Once you find the line with "八个子女不愿赡养老人，因100块赡养费闹上法庭，扬言：最多20" in the listing below, set down exactly every line from it through the line with "Manifestación en Barcelona", but no pictures.

* Data extracts:
■ ■ ■

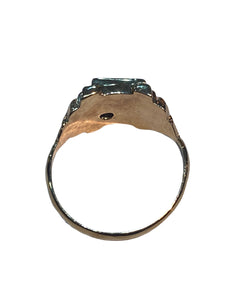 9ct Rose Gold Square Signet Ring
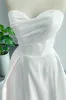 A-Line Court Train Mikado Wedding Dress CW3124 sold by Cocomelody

■ ■ ■

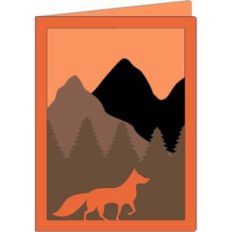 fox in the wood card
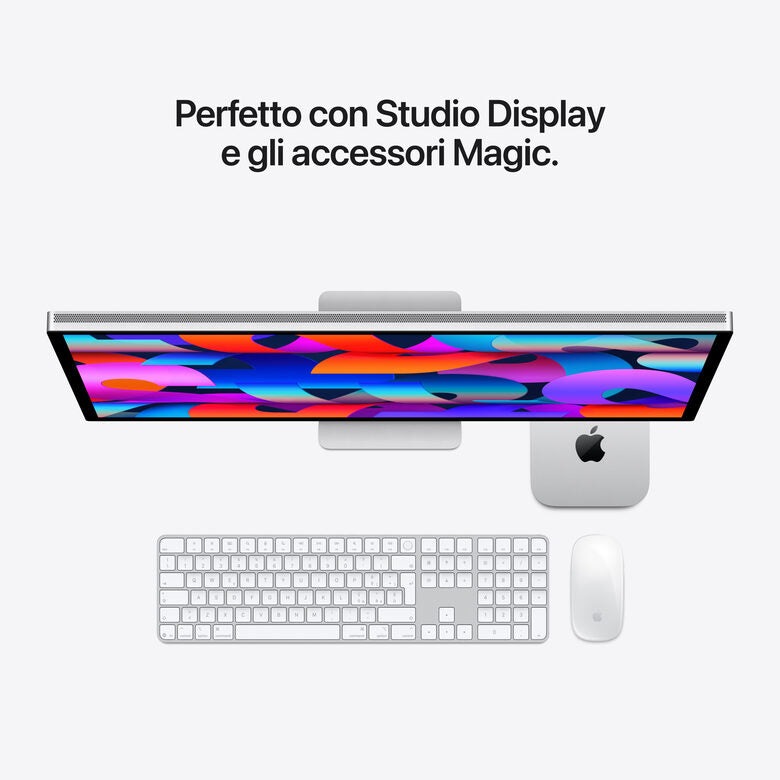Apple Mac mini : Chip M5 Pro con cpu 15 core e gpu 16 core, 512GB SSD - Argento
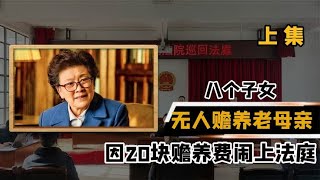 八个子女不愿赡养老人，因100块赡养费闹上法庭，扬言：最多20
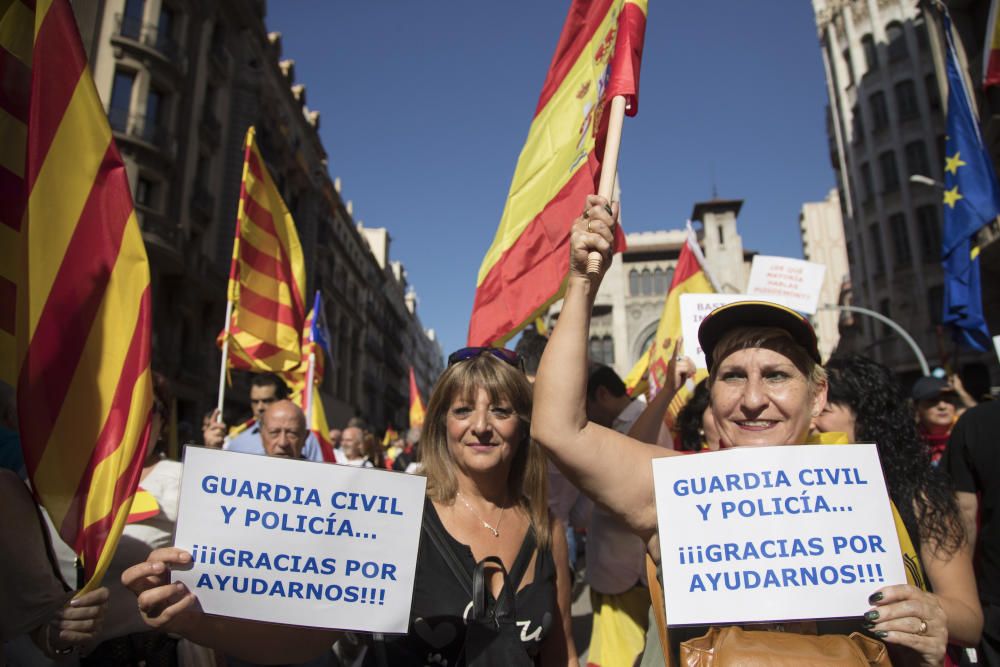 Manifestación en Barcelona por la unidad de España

■ ■ ■

* Completed task:
 八个子女不愿赡养老人，因100块赡养费闹上法庭，扬言：最多20
 Manifestación en Barcelona por la unidad de España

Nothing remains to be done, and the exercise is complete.